▸ **Brief**
Reproduce only what runs from the line containing "Retro Bronco Png 06252024" to the line containing "new 2024 Honda" in the records below, inclusive. Keep it exact, and keep the pictures out.

▸ **Provided entries**
____________

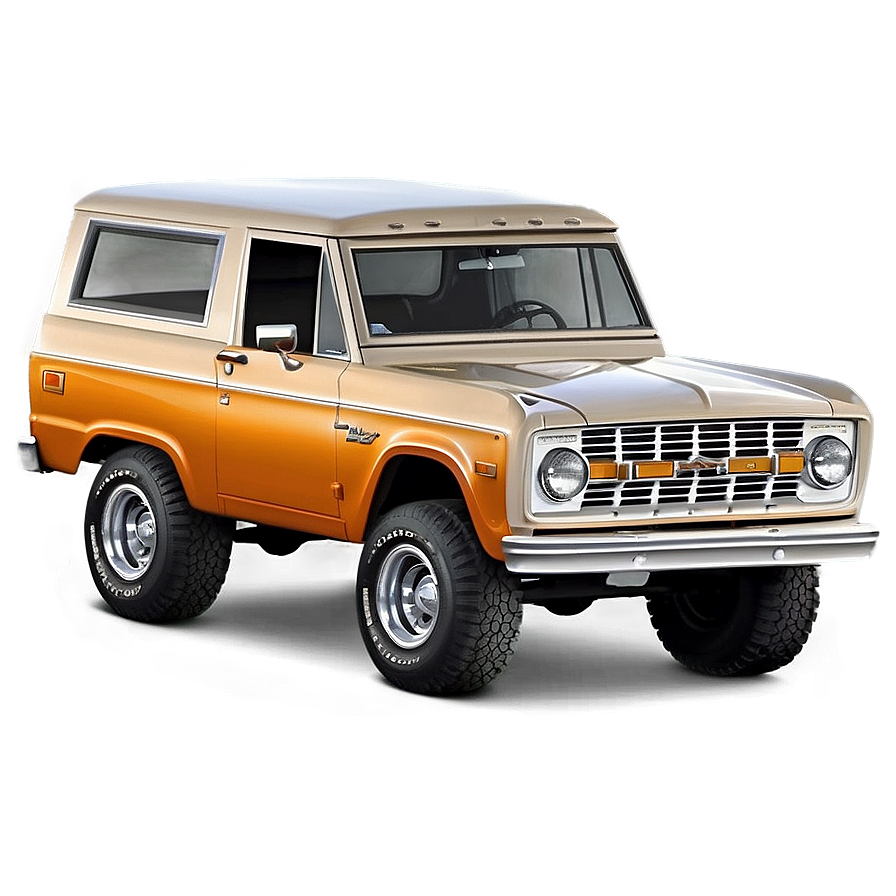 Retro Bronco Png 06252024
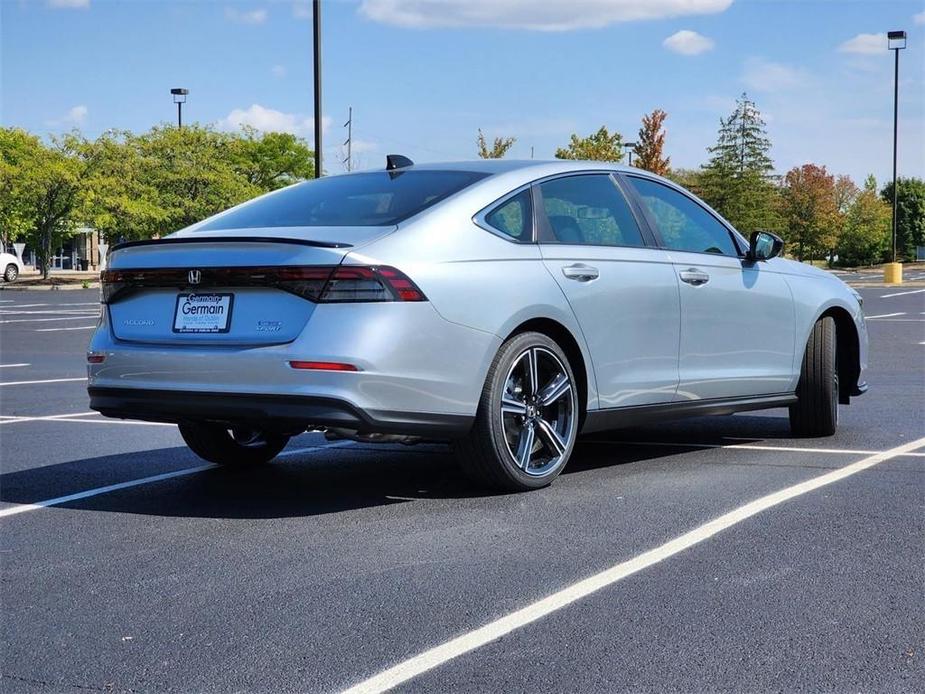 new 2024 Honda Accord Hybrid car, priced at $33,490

____________

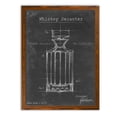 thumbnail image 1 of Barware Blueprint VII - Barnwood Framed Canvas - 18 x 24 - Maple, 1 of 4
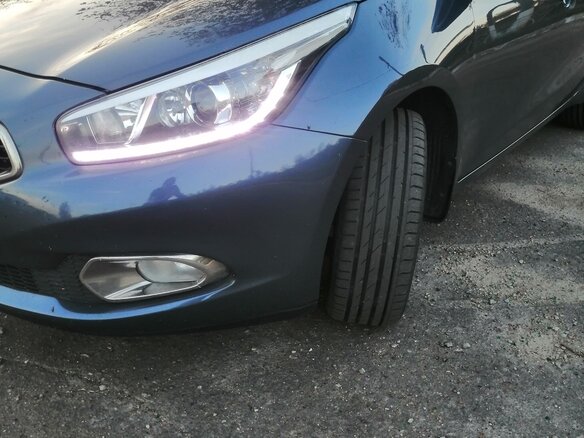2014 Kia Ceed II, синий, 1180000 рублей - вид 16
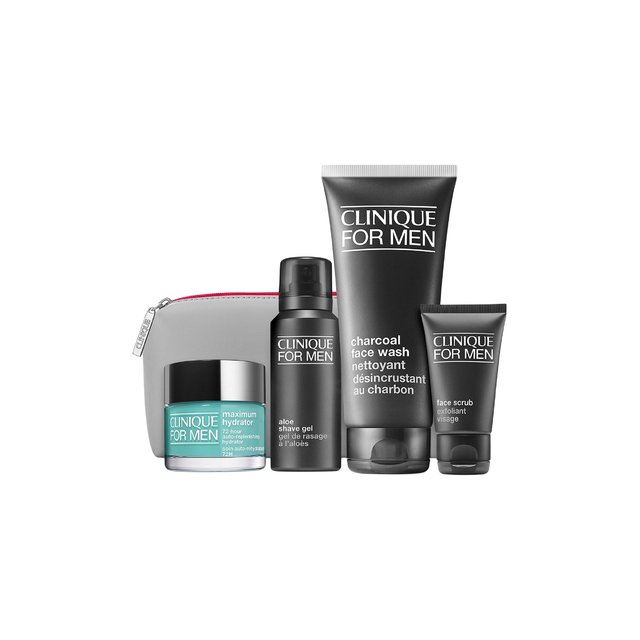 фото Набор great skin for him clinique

____________

▸ **Exercise output**
 Retro Bronco Png 06252024
 new 2024 Honda Accord Hybrid car, priced at $33,490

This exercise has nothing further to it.